I've been learning about the relationship between Mann-Whitney U.
Supposedly, the area under the ROC curve should be $\text{AUC} = \frac{U}{n_0 n_1}$, where $U$ is the Mann-Whitney statistic, $n_0$ is the number of negative examples, and $n_1$ is the number of positive examples.
I attempted to test this using python's scipy and scikitlearn library and found some unaccounted discrepancies.
Unfortunately, I can't share the data, but here's the code and output.
U = mannwhitneyu(preds['score'], preds['truth'])[0]

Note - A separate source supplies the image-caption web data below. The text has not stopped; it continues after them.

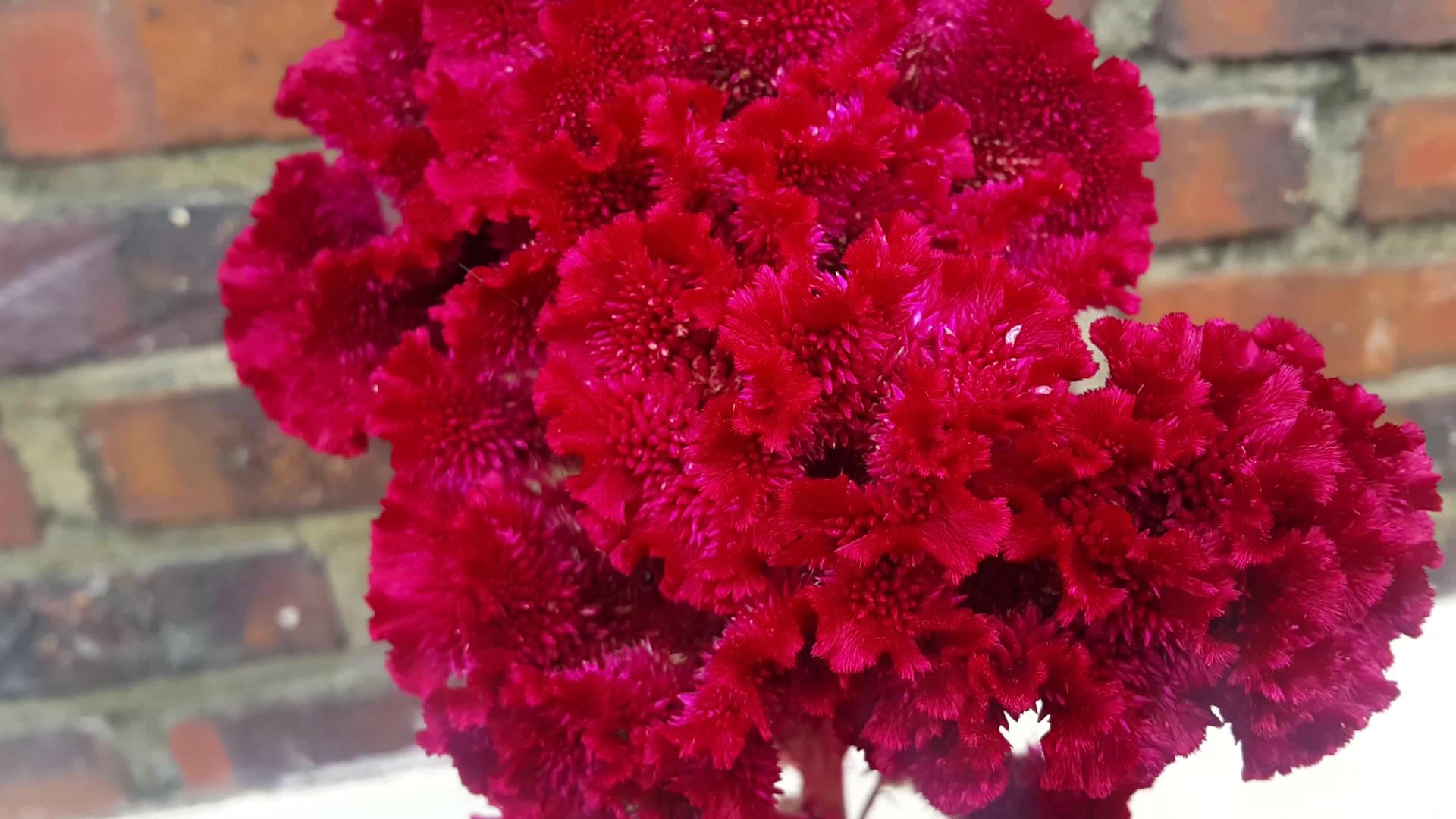 4k红色花朵视频的预览图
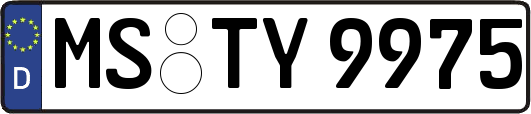 MS-TY9975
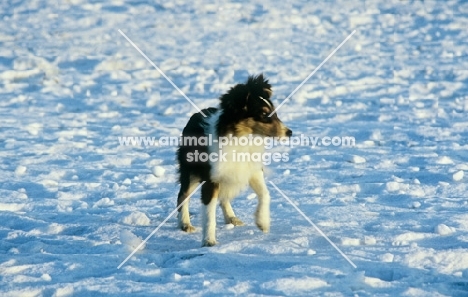 shetland sheepdog puppy standing in snow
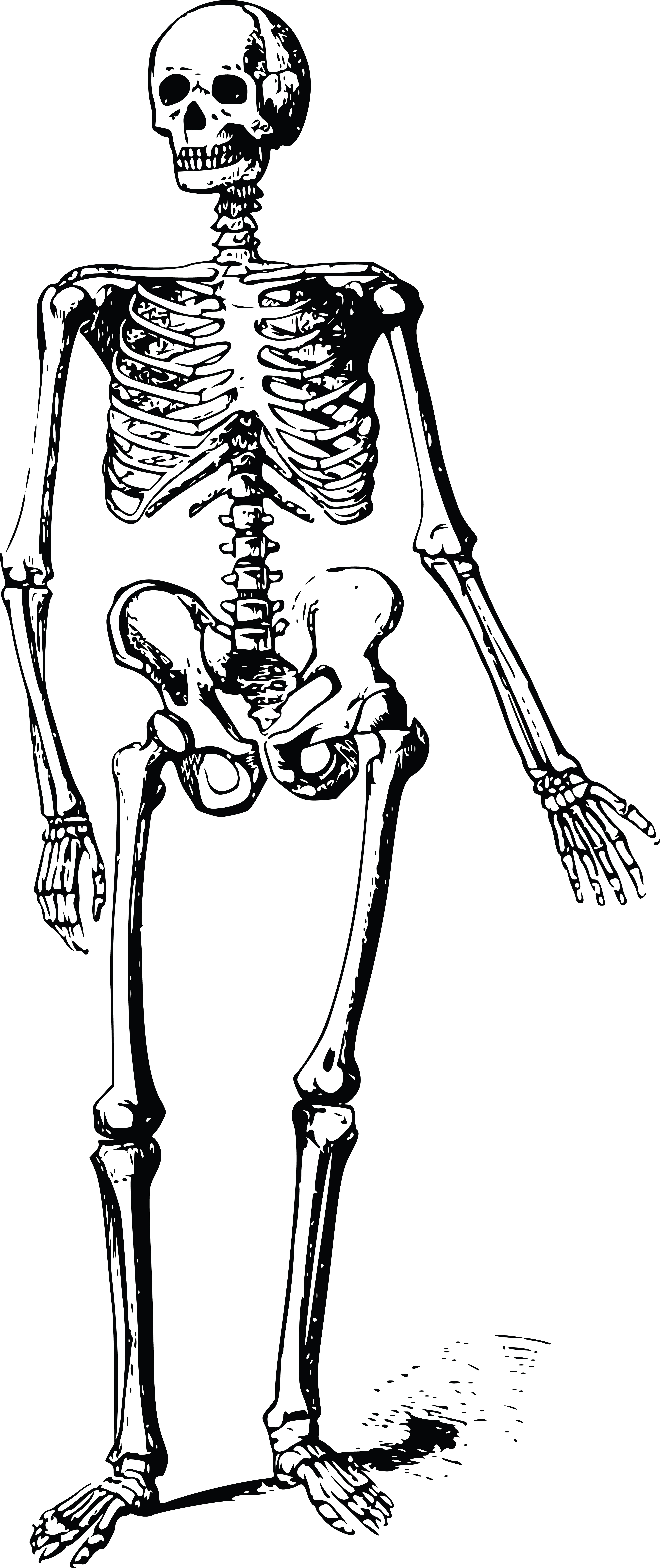 Cartoon Skeleton Pictures ~ Cute Skeleton Cartoon Royalty Free Vector ...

vc = preds['truth'].value_counts()
n0n1 = vc.loc[0] * vc.loc[1]
print('U: %d' % U)
print('n0n1: %d' % n0n1)
print('U/n0n1: %0.3f' % (U/n0n1))
print('AUC: %0.3f' % roc_auc_score(preds['truth'], preds['score']))
output:
U: 26899093155
n0n1: 40496604804
U/n0n1: 0.664
AUC: 0.674
However, when I using the implementation described in the above link:
def calc_U(y_true, y_score):
n1 = np.sum(y_true==1)
n0 = len(y_score)-n1
## Calculate the rank for each observation
# Get the order: The index of the score at each rank from 0 to n
order = np.argsort(y_score)
# Get the rank: The rank of each score at the indices from 0 to n
rank = np.argsort(order)
# Python starts at 0, but statistical ranks at 1, so add 1 to every rank
rank += 1
# If the rank for target observations is higher than expected for a random model,
# then a possible reason could be that our model ranks target observations higher
U1 = np.sum(rank[y_true == 1]) - n1*(n1+1)/2
U0 = np.sum(rank[y_true == 0]) - n0*(n0+1)/2
# Formula for the relation between AUC and the U statistic
AUC1 = U1/ (n1*n0)
AUC0 = U0/ (n1*n0)
return U1, AUC1, U0, AUC0
gives me the correct equality $\text{AUC} = \frac{U}{n_0 n_1}$.
I've attempted applying the solution described here, but this is not resolving my issue. I'm wondering if it could have anything to do with these particular implementations with the functions.